Humans have the ability to focus their attention on any one sound in an environment filled with many different sounds. Digital audio systems, as well, would benefit from having this ability (termed by E. Collin Cherry in 1953 as the ``cocktail-party effect.''[3]); some potential applications include: instrument separation in a multitrack recording studio, speaker separation in a videoconferencing session, and audio stream segregation for a wearable audio computer [14]. In this work, we attempt to improve upon the extraction of acoustic sound signals by studying overdetermined mixtures, where we have more microphones than sound sources.
These applications all have in common the task of source separation. Furthermore, we do not know beforehand what the sounds are or how they are mixed together, so we must exclusively use the sound mixtures themselves to extract out the original sound sources, a process commonly known as blind source separation [7].
When using conventional source separation algorithms, we assume that the original signals are mixed together instantaneously [7]. Two microphones in a room, however, will record an acoustic sound at two different propagation delays. In addition, the microphones will pick up several delayed and modified copies of the original sound source, as it reflects off of walls and objects in the room. The reverberation and absorption characteristics of a room can be modeled as a finite impulse response (FIR) filter and convolved with the original sound source to simulate the signal recorded by a microphone [11].
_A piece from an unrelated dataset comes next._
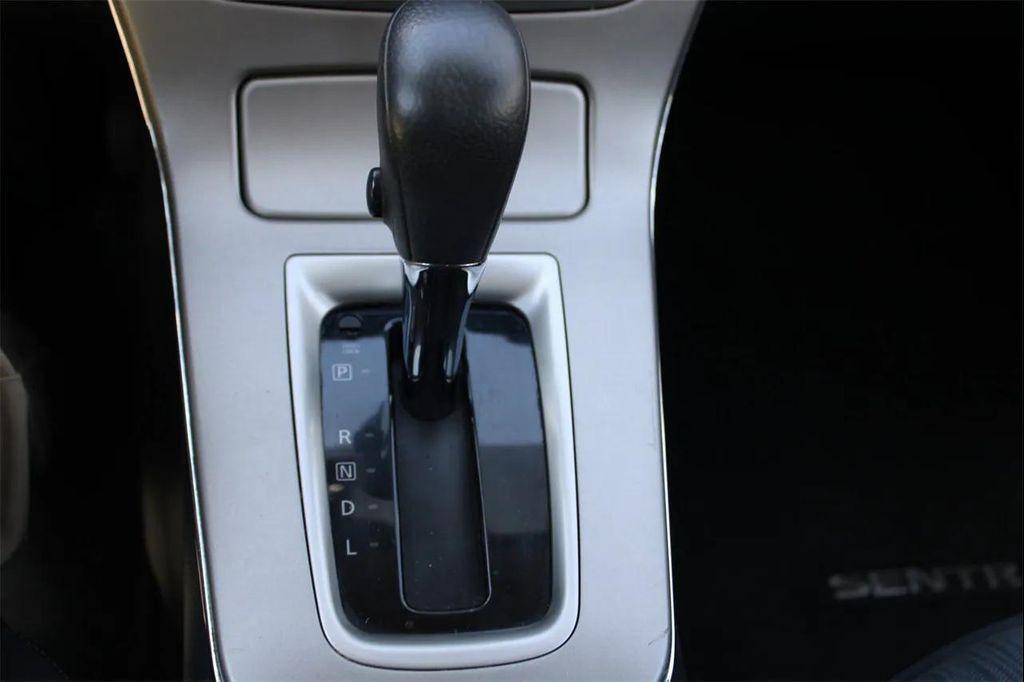 used 2014 Nissan Sentra car, priced at $5,485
Several researchers have extended blind source separation algorithms
to cope with delayed and convolved sources [15, 8, 9, 4]; most of these algorithms have only implemented
NXN configurations, using N sensors to separate out N
sources. (Lambert [8] implemented an
example
with more sensors than sources.)
Researchers often use beamforming microphone arrays when recording sounds in a reverberant environment. Beamforming arrays target their sound capture toward a desired spatial area, improving upon the signal-to-noise ratio (SNR) of the sounds recorded from that region. The delay and sum beamforming algorithm time-aligns the signals recorded by each sensor in the array and then adds them together. Thus, signal components emanating from a desired location combine coherently, while components from other locations combine incoherently. This increases the gain of the desired signal over the undesired noise; the SNR is a monotonically increasing function of the number of sensors [13].
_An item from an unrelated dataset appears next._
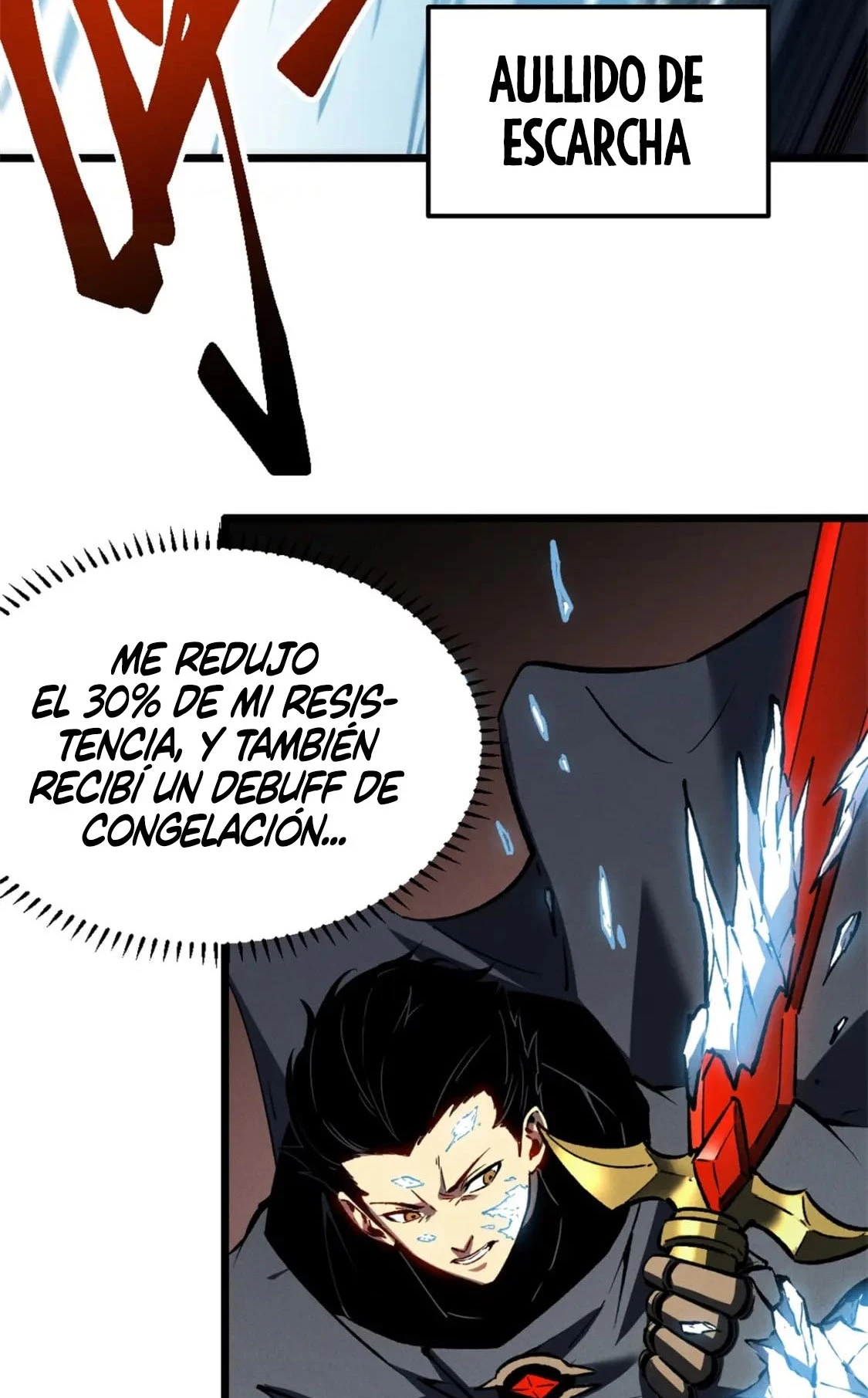 Reencarnación Del Dios De La Espada Más Fuerte > Capitulo 48 > Page 111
In an effort to take advantage of the SNR gains that microphone arrays can achieve, we propose to extend current blind sound source separation algorithms to that of the overdetermined case, where we have more sensors than sources. We begin with a study of the nature of room impulse responses to help us choose an adaptive filter architecture. We then use the ideal inverses of acquired room impulse responses to compare the effectiveness of different-sized separating filter configurations of various filter lengths. Finally, using a multi-channel blind least-mean-square (MBLMS) algorithm, we show that, by adding additional sensors, we can improve the blind separation of signals mixed with real world filters.